Os antigos árbitros internacionais Duarte Gomes e Marco Ferreira disseram à Lusa que o vídeoárbitro (VAR), introduzido esta temporada na I Liga de futebol, tem muitos aspetos a melhorar na próxima época para se tornar uma "mais valia".
Segundo Duarte Gomes, o balanço do primeiro ano da aplicação do projeto "tem de ser positivo no global”, sendo que a tecnologia provou que é “útil” através das “cerca de 70 decisões revertidas, que são 70 erros graves que não aconteceram, um número elucidativo”, enquanto Marco Ferreira elencou várias decisões acertadas, mas também “erros graves”.
Se “qualquer pessoa percebe que a ferramenta é boa, útil, e importante para a verdade desportiva”, a verdade é que os árbitros precisam de um “trabalho constante de adaptação” e a formação de quem desempenha a função “tem de ser contínua”, reforçou Gomes, numa ideia que reúne a concordância dos dois juízes consultados pela Lusa.
“A tecnologia é positiva, sem dúvida nenhuma, a questão é a forma como poderia ser melhor utilizada do que foi esta época. (...) Talvez o ‘timing não tenha sido o mais correto. Foi uma reação de tudo o que estava a acontecer no futebol português em relação à arbitragem, da parte da FPF, para o ambiente acalmar”, considerou Marco Ferreira.
Na opinião do ex-árbitro internacional, a tecnologia tornou evidente a “inexperiência dos árbitros e de todos os agentes em torno do VAR”, considerando que “não houve boa preparação do quadro de árbitros profissionais para a acolher e tornar numa mais valia para o futebol”.
Depois do “período de adaptação”, que permite “aprender com o erro”, o segundo ano de aplicação do VAR deve ter “um trabalho constante” de formação, “á medida que se forem assimilando processos, como foi acontecendo ao longo desta época, num trabalho muito importante de continuação, com novos árbitros, desafios, e jogadas irrepetíveis que têm de ser preparadas”, apontou Duarte Gomes.
“Os árbitros estão a passar de um paradigma a que estiveram sempre habituados, de pesar o jogo em campo, com lucidez, pressão e a transpiração como fatores, para uma sala em que estão confortáveis, numa posição quase de comentador”, acrescentou, reforçando que a função “requer sensibilidades diferentes” e “um grande árbitro não faz necessariamente um bom vídeoárbitro”.

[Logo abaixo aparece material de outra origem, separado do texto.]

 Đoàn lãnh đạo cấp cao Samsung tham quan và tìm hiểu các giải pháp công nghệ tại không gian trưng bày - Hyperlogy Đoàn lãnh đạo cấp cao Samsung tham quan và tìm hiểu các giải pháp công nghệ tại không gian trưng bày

Para o antigo juiz internacional, um bom vídeoárbitro pauta-se pela “serenidade, rapidez de visualização e qualidade de decisão, analisando com frieza, pragmatismo e coragem”, numa prova de “muita personalidade e caráter” e de especificidades diferentes das de um árbitro principal ou assistente.

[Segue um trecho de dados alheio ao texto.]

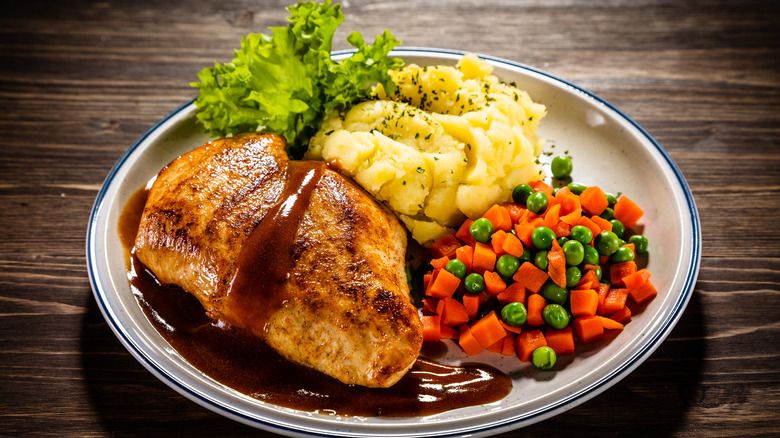 turkey dinner with mashed potatoes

Tanto Duarte Gomes como Marco Ferreira, elogiam o “investimento muito importante” da FPF na tecnologia, com o primeiro a elencar uma evolução na qualidade de imagem e de sinal como essenciais.
Outro fator de concordância é a especialização da função de vídeoárbitro, com ambos a defenderem a criação do ramo no futuro próximo, quer através dos árbitros despromovidos, como defendeu Marco Ferreira, ou dos juízes que se forem retirando, apontou Duarte Gomes.
A carreira específica é “inevitável”, considerou Duarte Gomes, que reforçou a necessidade de aplicar “árbitros experientes no ativo e ex-árbitros que vão abandonando a carreira” para continuar, e também explicou que “não choca nada” que juízes despromovidos possam desempenhar a função, desde que “tenham qualidade na análise das imagens”.
O caminho do VAR também passa pela transparência, com a imagem “a passar em breve para o estádio”, apontou Gomes, mas também pela possibilidade de “libertar um pouco os árbitros da pressão de admitirem a opinião de um colega”, referiu Ferreira.
“Sou da opinião de que em todas as situações que o VAR levante dúvidas, o árbitro principal vá ver e assuma a decisão final. (...) Era mais claro e credível, até para o público”, apontou.
Marco Ferreira defende ainda que o “grande investimento e trabalho excecional de Fernando Gomes” na arbitragem e no vídeoárbitro tem de ser acompanhada de uma “alteração profunda” nos quadros do futebol português, devido ao ambiente nefasto em torno do mesmo.
Os setores da arbitragem e disciplina “têm de ser independentes” da Liga de Clubes e da FPF, opinou, para que os clubes não tenham peso na regulamentação do futebol, uma medida que permitiria “tornar a arbitragem mais credível” e baixar o ruído em torno do futebol português.
A edição 2017/18 da I Liga portuguesa de futebol terminou no domingo, com a vitória do FC Porto, que somou o seu 28.º título de campeão nacional.